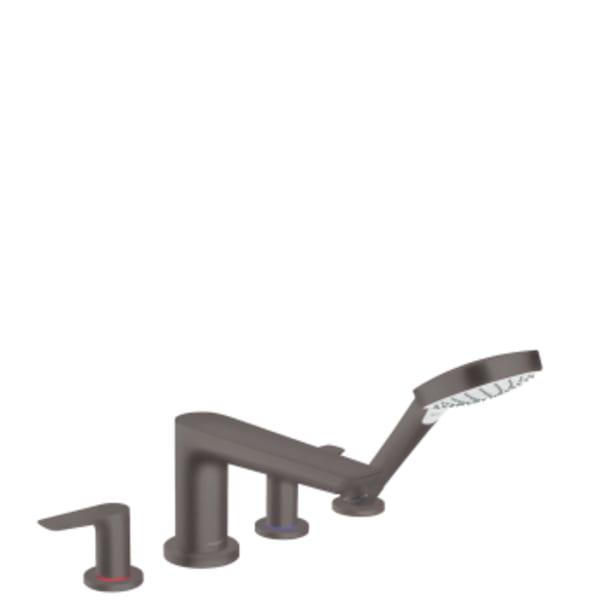 hansgrohe Talis E 4-Hole Roman Tub Set Trim with 1.8 GPM Handshower in Brushed Black Chrome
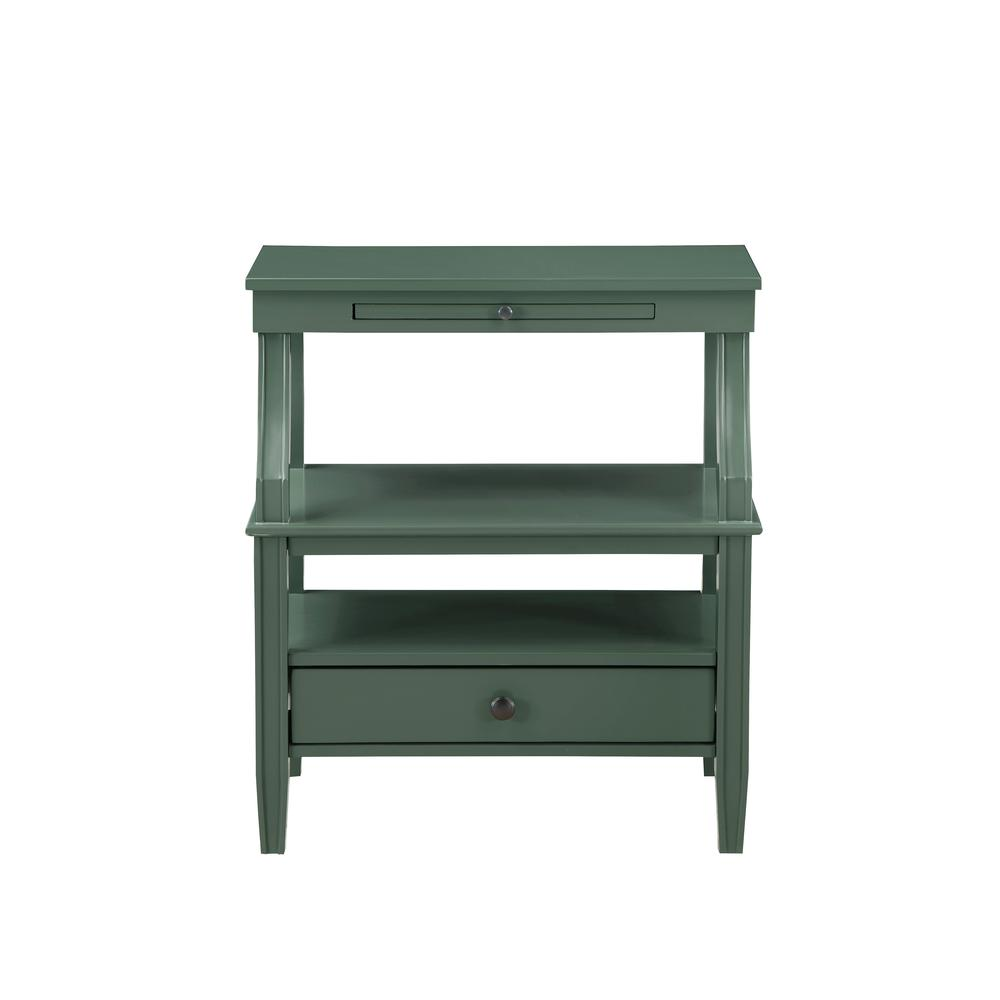 Vintage green storage nightstand by Start2Finish with a classic design and a single drawer, perfect for bedroom organization.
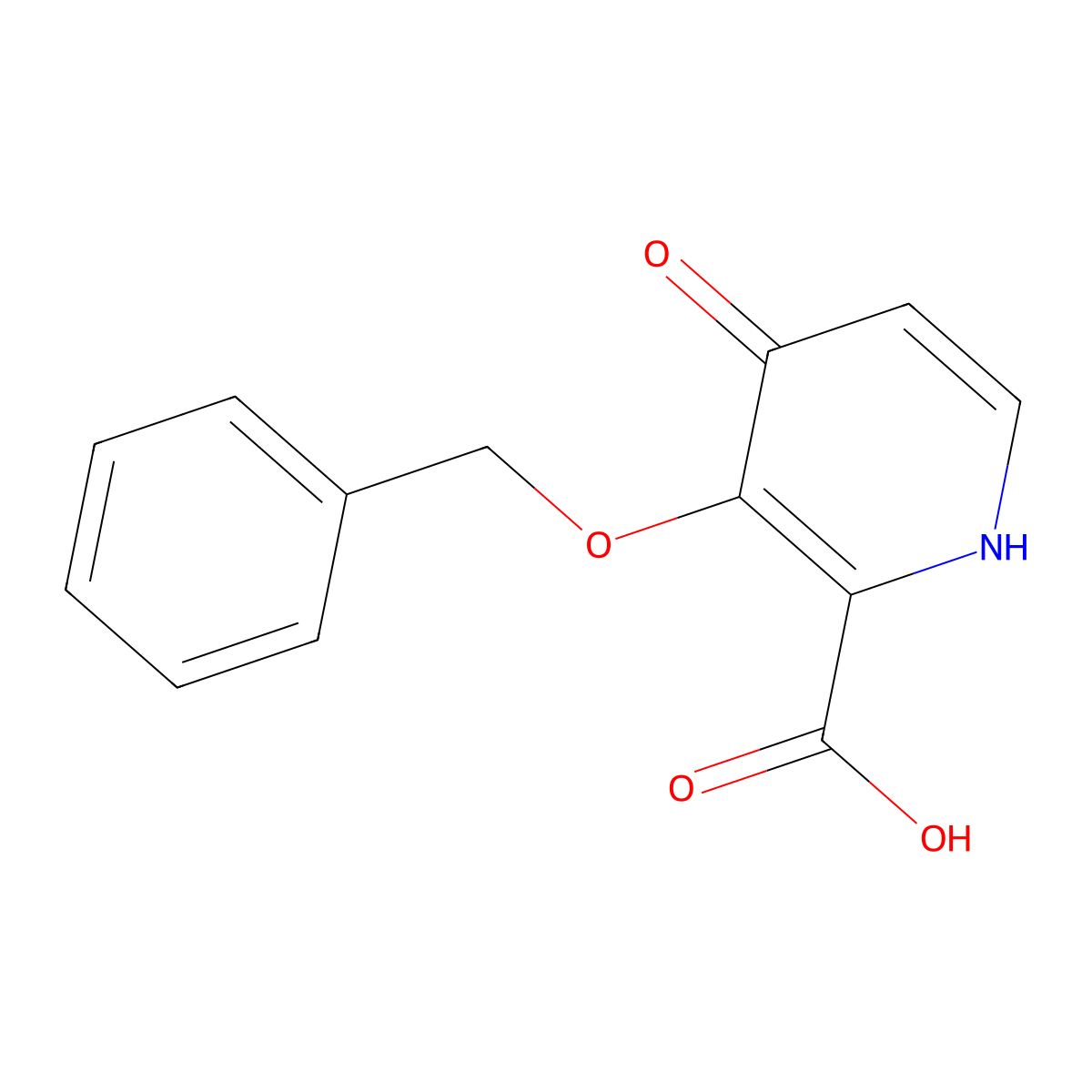 2-Pyridinecarboxylic acid, 1,4-dihydro-4-oxo-3-(phenylmethoxy)- molecular structure, CAS 119736-17-3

────────────────

[AIM OF THE TASK] Without including the pictures, copy all of the data exactly.

[SOLUTION FOR THIS EXERCISE]
 hansgrohe Talis E 4-Hole Roman Tub Set Trim with 1.8 GPM Handshower in Brushed Black Chrome
 Vintage green storage nightstand by Start2Finish with a classic design and a single drawer, perfect for bedroom organization.
 2-Pyridinecarboxylic acid, 1,4-dihydro-4-oxo-3-(phenylmethoxy)- molecular structure, CAS 119736-17-3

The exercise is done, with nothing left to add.